#### Problem description:
Please give back only the lines below from the one containing "For Motorola Moto" to the one containing "Front and back", each repeated word for word, both ends included.

(Data records)
= = = = =
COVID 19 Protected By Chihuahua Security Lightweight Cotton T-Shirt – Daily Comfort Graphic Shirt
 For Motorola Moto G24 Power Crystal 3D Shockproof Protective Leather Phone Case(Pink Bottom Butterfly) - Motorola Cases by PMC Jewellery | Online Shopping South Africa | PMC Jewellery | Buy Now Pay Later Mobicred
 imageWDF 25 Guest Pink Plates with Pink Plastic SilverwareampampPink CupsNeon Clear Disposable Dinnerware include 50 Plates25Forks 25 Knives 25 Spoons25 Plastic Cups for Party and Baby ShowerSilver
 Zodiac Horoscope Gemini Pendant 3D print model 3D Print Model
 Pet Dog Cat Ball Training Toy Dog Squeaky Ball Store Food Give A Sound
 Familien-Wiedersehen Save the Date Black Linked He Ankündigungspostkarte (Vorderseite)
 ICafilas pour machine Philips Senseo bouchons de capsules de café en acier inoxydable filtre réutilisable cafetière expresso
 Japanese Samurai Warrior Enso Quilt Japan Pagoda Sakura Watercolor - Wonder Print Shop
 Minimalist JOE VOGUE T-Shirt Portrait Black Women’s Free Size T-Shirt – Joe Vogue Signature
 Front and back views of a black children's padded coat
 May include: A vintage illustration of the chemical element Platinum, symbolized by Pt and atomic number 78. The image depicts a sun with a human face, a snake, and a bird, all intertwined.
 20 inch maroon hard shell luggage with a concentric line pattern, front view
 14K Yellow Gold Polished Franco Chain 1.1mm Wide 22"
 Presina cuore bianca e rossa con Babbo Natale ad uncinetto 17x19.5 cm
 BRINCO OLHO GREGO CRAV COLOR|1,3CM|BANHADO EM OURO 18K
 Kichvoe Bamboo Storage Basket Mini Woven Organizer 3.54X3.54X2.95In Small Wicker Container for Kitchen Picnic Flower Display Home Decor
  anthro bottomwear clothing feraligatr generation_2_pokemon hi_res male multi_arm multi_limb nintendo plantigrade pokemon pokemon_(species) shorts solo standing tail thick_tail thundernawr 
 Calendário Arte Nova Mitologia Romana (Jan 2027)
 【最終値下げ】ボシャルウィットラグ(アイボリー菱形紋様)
= = = = =
#### Expected output:
 For Motorola Moto G24 Power Crystal 3D Shockproof Protective Leather Phone Case(Pink Bottom Butterfly) - Motorola Cases by PMC Jewellery | Online Shopping South Africa | PMC Jewellery | Buy Now Pay Later Mobicred
 imageWDF 25 Guest Pink Plates with Pink Plastic SilverwareampampPink CupsNeon Clear Disposable Dinnerware include 50 Plates25Forks 25 Knives 25 Spoons25 Plastic Cups for Party and Baby ShowerSilver
 Zodiac Horoscope Gemini Pendant 3D print model 3D Print Model
 Pet Dog Cat Ball Training Toy Dog Squeaky Ball Store Food Give A Sound
 Familien-Wiedersehen Save the Date Black Linked He Ankündigungspostkarte (Vorderseite)
 ICafilas pour machine Philips Senseo bouchons de capsules de café en acier inoxydable filtre réutilisable cafetière expresso
 Japanese Samurai Warrior Enso Quilt Japan Pagoda Sakura Watercolor - Wonder Print Shop
 Minimalist JOE VOGUE T-Shirt Portrait Black Women’s Free Size T-Shirt – Joe Vogue Signature
 Front and back views of a black children's padded coat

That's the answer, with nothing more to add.